### SUPPLIED MATERIAL ###
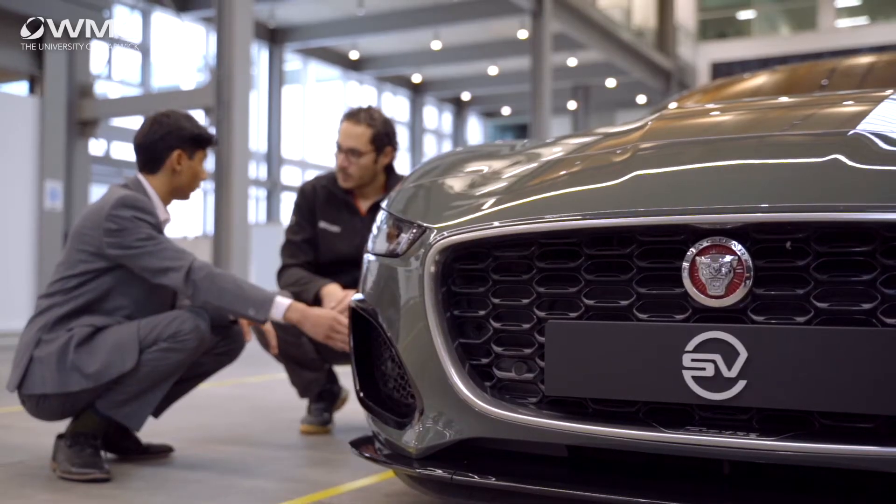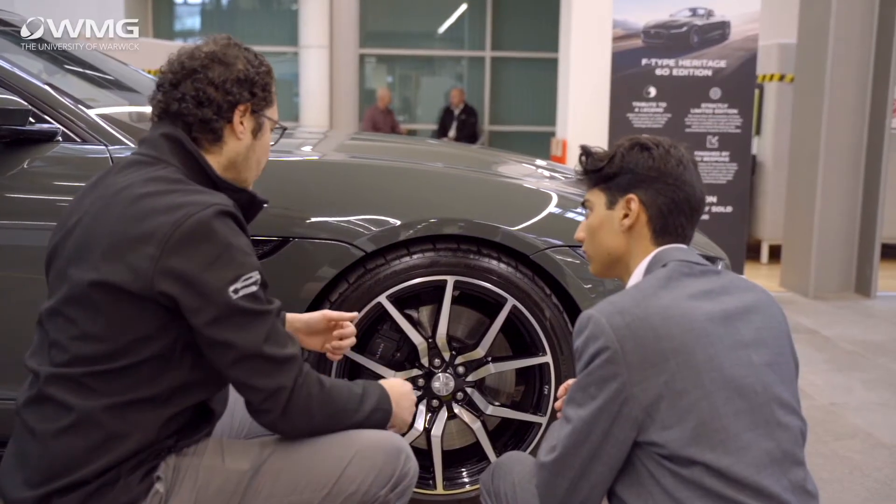I decided a degree apprenticeship would be the best course of action for me because I would get a mix of both studying and learning on the job. I chose Digital Technology Solutions because I've always been passionate about technology, even from a very early age.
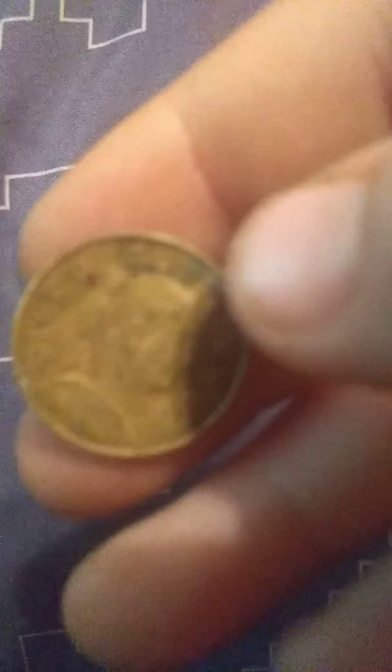This one is 10 Pena, whatever that is, and it is from 1963. The last one — we have this one. It is a 1958.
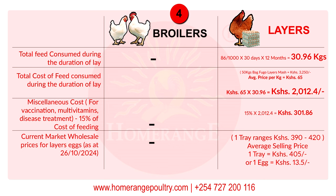With regard to feed consumed during the 12-month laying period: take 86 grams divided by 1,000 to convert to kilos, multiply by 30 days and by 12 months — this gives you 30.96 kilos. A 50 kg bag of Fugo layers mash goes for 3,250 shillings, meaning the average price per kilo is 65 shillings. So the total cost of feed during the laying period is 30.96 kilos multiplied by 65 shillings per kg, giving you a total cost of 2,012.40 shillings.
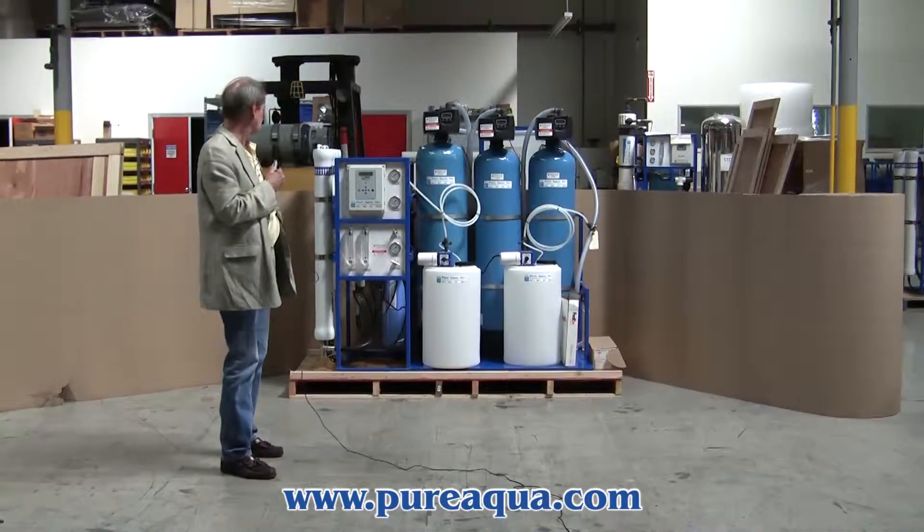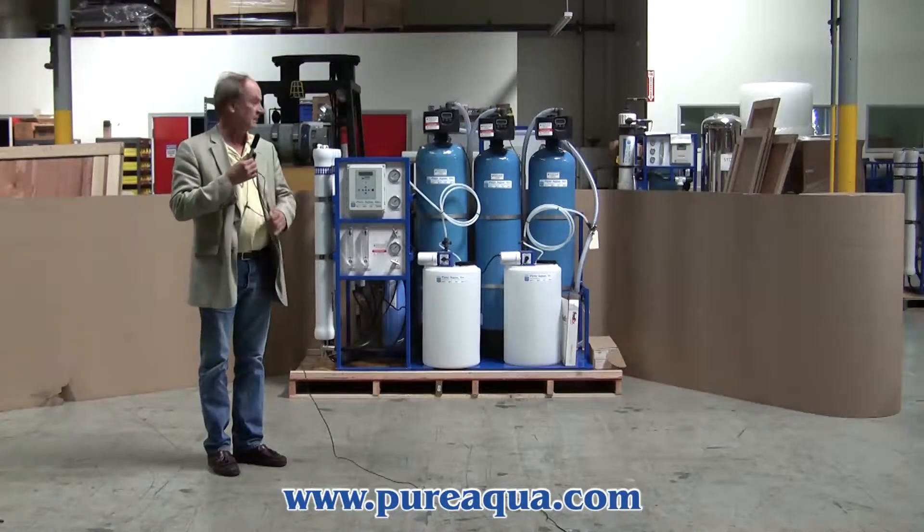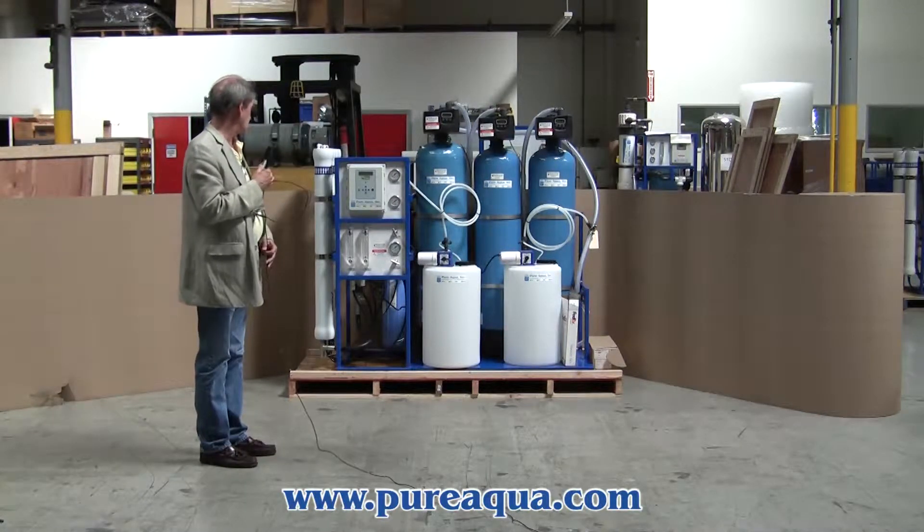Today is April 2nd, 2014 and we're in Santana, California at the headquarters of PureAqua and we've completed fabrication of a water treatment system that will be shipping tomorrow.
###
### TASK GOAL
Print only the lines running from the line that contains "With regard to" to the final line of the listing, both included. Omit every picture.

### SOLUTION TO THE EXERCISE
With regard to feed consumed during the 12-month laying period: take 86 grams divided by 1,000 to convert to kilos, multiply by 30 days and by 12 months — this gives you 30.96 kilos. A 50 kg bag of Fugo layers mash goes for 3,250 shillings, meaning the average price per kilo is 65 shillings. So the total cost of feed during the laying period is 30.96 kilos multiplied by 65 shillings per kg, giving you a total cost of 2,012.40 shillings.
Today is April 2nd, 2014 and we're in Santana, California at the headquarters of PureAqua and we've completed fabrication of a water treatment system that will be shipping tomorrow.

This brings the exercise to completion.